For more than a century, governments facing financial crisis have resorted to the economic policies of austerity-cuts to wages, fiscal spending, and public benefits-as a path to solvency. While these policies have been successful in appeasing creditors, they've had devastating effects on social and economic welfare in countries all over the world. Today, as austerity remains a favored policy among troubled states, an important question remains: What if solvency was never really the goal?
In The Capital Order, political economist Clara E. Mattei explores the intellectual origins of austerity to uncover its originating motives: the protection of capital-and indeed capitalism-in times of social upheaval from below.
Mattei traces modern austerity to its origins in interwar Britain and Italy, revealing how the threat of working-class power in the years after World War I animated a set of top-down economic policies that elevated owners, smothered workers, and imposed a rigid economic hierarchy across their societies.
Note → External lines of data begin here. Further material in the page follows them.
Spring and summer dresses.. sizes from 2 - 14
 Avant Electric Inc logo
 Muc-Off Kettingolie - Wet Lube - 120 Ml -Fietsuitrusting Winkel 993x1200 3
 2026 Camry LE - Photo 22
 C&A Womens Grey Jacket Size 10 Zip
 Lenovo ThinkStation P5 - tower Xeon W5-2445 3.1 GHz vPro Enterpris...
Where these policies "succeeded," relatively speaking, was in their enrichment of certain parties, including employers and foreign trade interests, who accumulated power and capital at the expense of labor. Here, Mattei argues, is where the true value of austerity can be observed: its insulation of entrenched privilege and its elimination of all alternatives to capitalism.
Drawing on newly uncovered archival material from Britain and Italy, much of it translated for the first time, The Capital Order offers a damning and essential new account of the rise of austerity-and of modern economics-at the levers of contemporary political power.